TPost – Sekretaris Dewan (Sekwan) Kabupaten Halmahera Barat, M. Syarif Ali, akhirnya angkat bicara memberikan klarifikasi terkait laporan Ikatan Dokter Indonesia (IDI) Wilayah Maluku Utara atas dugaan pencemaran nama baik.

Persoalan ini bermula dari bocornya percakapan dalam grup WhatsApp internal DPRD Halmahera Barat yang dinilai menyudutkan profesi dokter.

Dalam pernyataan resminya, Syarif menegaskan bahwa apa yang ia sampaikan dalam forum terbatas tersebut merupakan bagian dari upaya mengoptimalkan fungsi pengawasan DPRD.

Ia menyoroti masalah kedisiplinan dan kualitas pelayanan kesehatan di RSUD Jailolo yang selama ini sering dikeluhkan oleh masyarakat.

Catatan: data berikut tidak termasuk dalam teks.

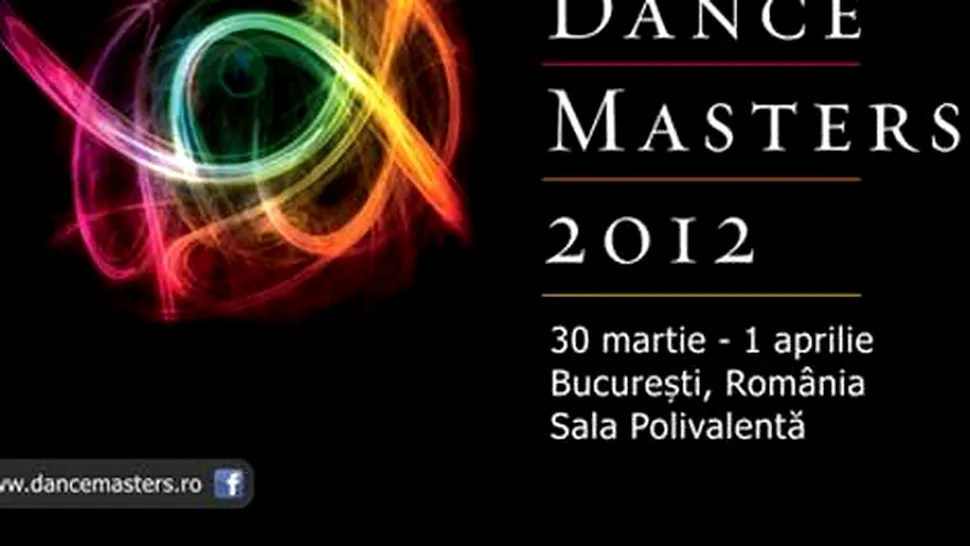 DanceMasters 2012: Cel mai mare concurs de dans, la Sala Polivalentă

“Sebagai pejabat publik yang mendengar aspirasi masyarakat, saya tidak dapat menutup mata terhadap persoalan pelayanan kesehatan, mulai dari disiplin hingga manajemen rumah sakit,” ungkap Syarif dalam klarifikasinya pada Senin (18/5/2026).

Ia menyatakan bahwa pernyataannya adalah bentuk kritik dan kekecewaan terhadap kondisi pelayanan publik, bukan serangan personal terhadap individu dokter tertentu.

Terkait bocornya tangkapan layar (screenshot) percakapan tersebut, Syarif menjelaskan bahwa diskusi tersebut terjadi di ruang tertutup yang bersifat terbatas.

Ia menegaskan tidak pernah berniat menyebarluaskan percakapan itu ke publik dan menyebut penyebaran informasi tersebut berada di luar kendalinya.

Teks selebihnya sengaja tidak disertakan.